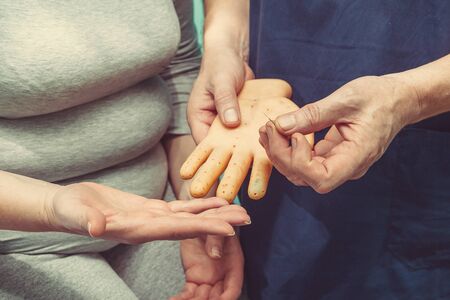 medical doctor performs acupuncture on a patients armの写真素材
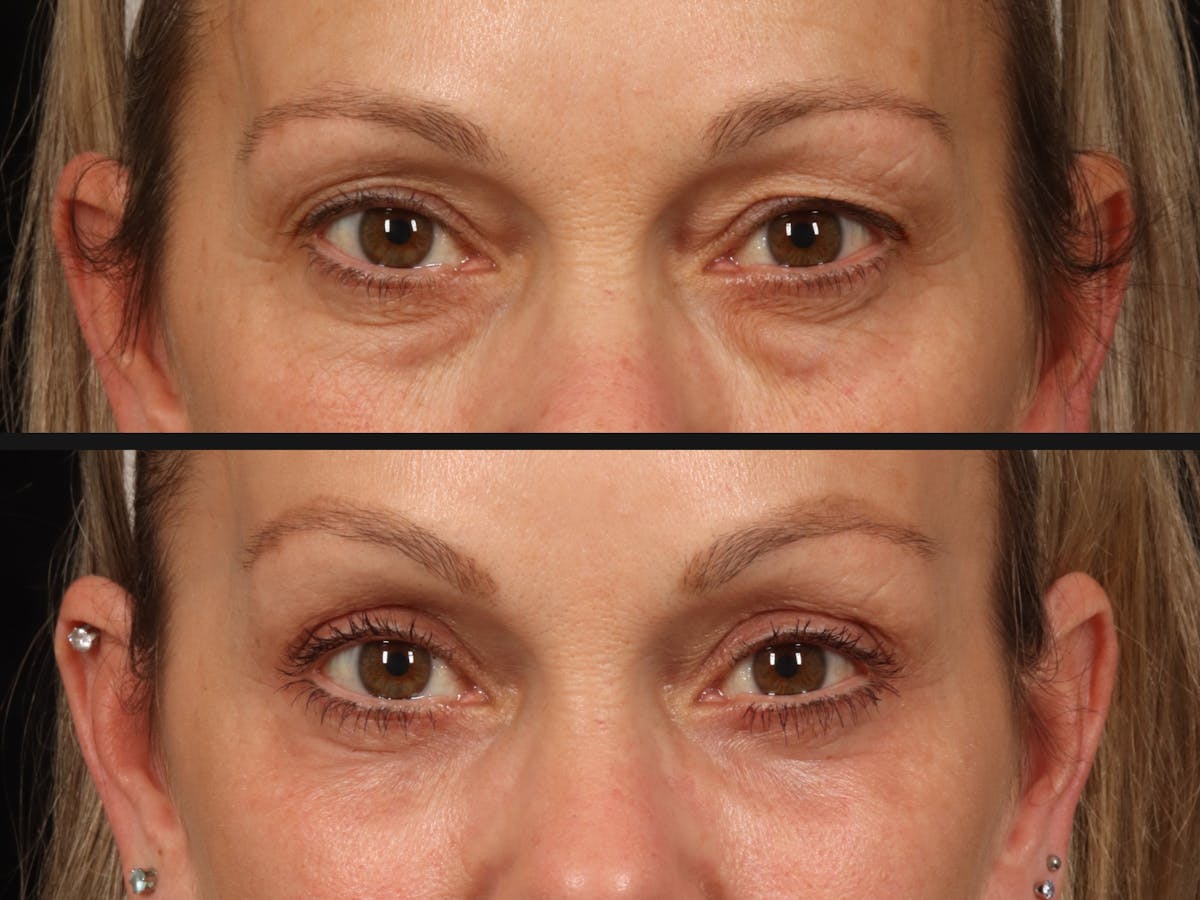 Blepharoplasty Before & After Gallery - Patient 772895 - Image 2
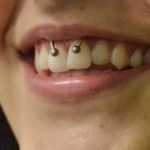 Ever Heard of a Smiley Piercing? Here Are 25 Pictures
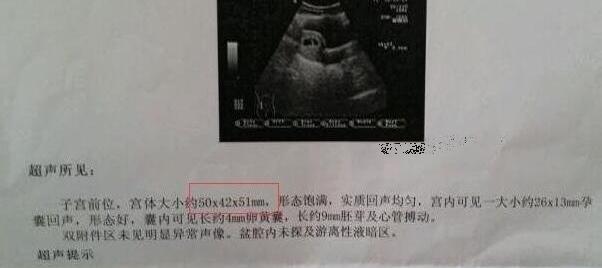 生男女其实看孕囊很准三个数据，6-7周的孕囊长条形是男宝
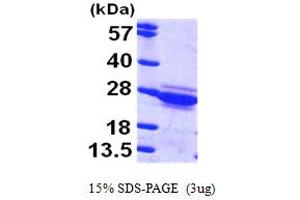 SDS-PAGE (SDS) image for Cytoglobin (CYGB) (AA 1-190) protein (His tag) (ABIN7279055)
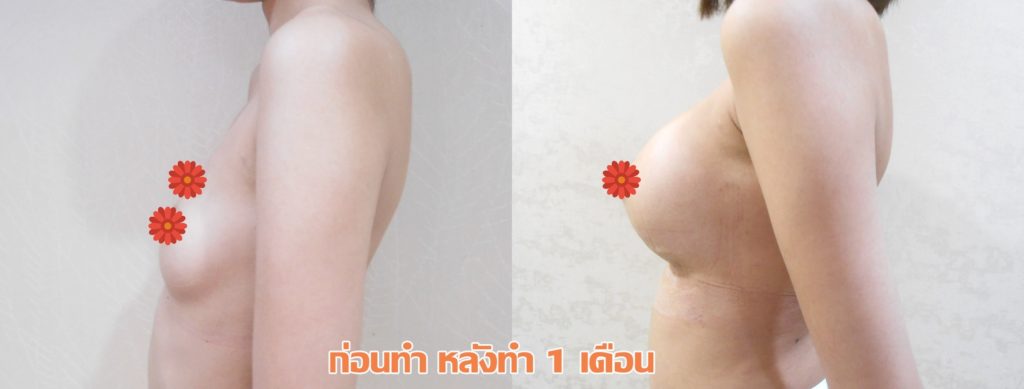 ทำหน้าอก เดอะซิบส์ คลินิก คุณแอม5 รีวิว เสริมหน้าอกทรง Barbie Breast ที่ เดอะซิบส์ คลินิก ค่ะ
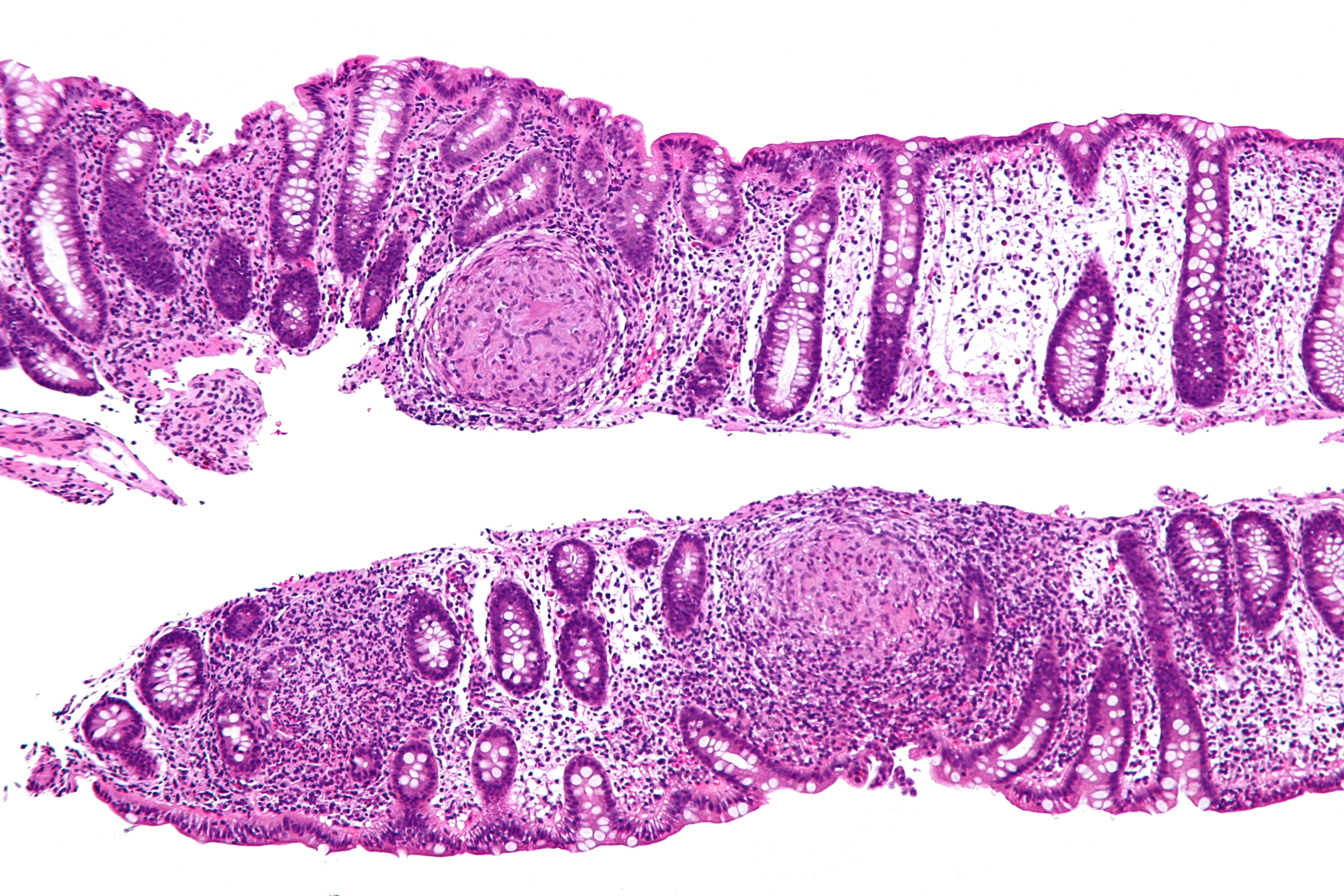 what is crohn disease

■ Your assignment:
Repeat all the material above exactly, apart from the pictures.

■ Expected answer:
 medical doctor performs acupuncture on a patients armの写真素材
 Blepharoplasty Before & After Gallery - Patient 772895 - Image 2
 Ever Heard of a Smiley Piercing? Here Are 25 Pictures
 生男女其实看孕囊很准三个数据，6-7周的孕囊长条形是男宝
 SDS-PAGE (SDS) image for Cytoglobin (CYGB) (AA 1-190) protein (His tag) (ABIN7279055)
 ทำหน้าอก เดอะซิบส์ คลินิก คุณแอม5 รีวิว เสริมหน้าอกทรง Barbie Breast ที่ เดอะซิบส์ คลินิก ค่ะ
 what is crohn disease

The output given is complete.